Second, if you want to get a photograph of a document, the app will identify the document formatting and offer voice-based guidance on how to frame your photograph—you will be told whether to move the camera left or right too, to capture the entire document cleanly.
Among other features, you will be able to use this to identify people (the app will be able to tell you their gender, age, even the mood they are in at the time). During testing, it could tell us the gender and age of the person in the frame, but not how far the face was from the camera.
Seeing AI will also be able to scan barcodes and identify products.
The app uses neural networks to identify whatever you point the phone camera at, very much like the algorithms and artificial intelligence that are used in autonomous and semi-autonomous cars, for instance.
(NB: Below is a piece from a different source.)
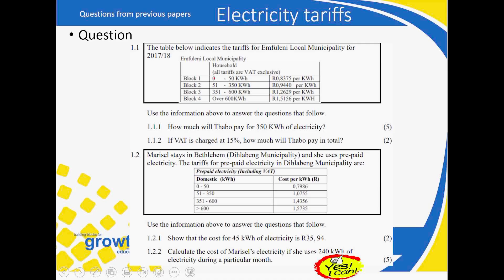Let's look at question one, where we have a table indicating the tariffs of Mfulany local municipality for 2017–2018. I always emphasize that you need to study the table properly, have a closer look at it, and understand each and every aspect given on the table. That will assist you in scoring more marks. Let's have a quick review of the tariff table and how it works.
Some features of the app, such as descriptions of a scene or decoding handwriting, will require cloud connectivity. Unlike other features such as face detection or document scanning, for instance, these features will not remain functional if you have no or inconsistent internet connectivity. The scene feature is still experimental, and doesn’t always have the sort of detailing you might expect from an AI solution. For instance, a rather dynamic scene shot of our newsroom just elicited “it seems to be indoor” feedback from Seeing AI, with no descriptions of the televisions, computers, books, plants and chairs in the very same frame. Future updates should be able to tackle some of this.
One feature expected soon is the ability to identify currency notes while paying in cash. This could be handy, though we suspect it will be limited to certain countries initially.
The Seeing AI app is currently available for Apple iPhone, iPad and iPod Touch users in the US, Canada, India, Hong Kong, New Zealand and Singapore. There is no word yet on when (and if at all) the app will also be made available for Android phones.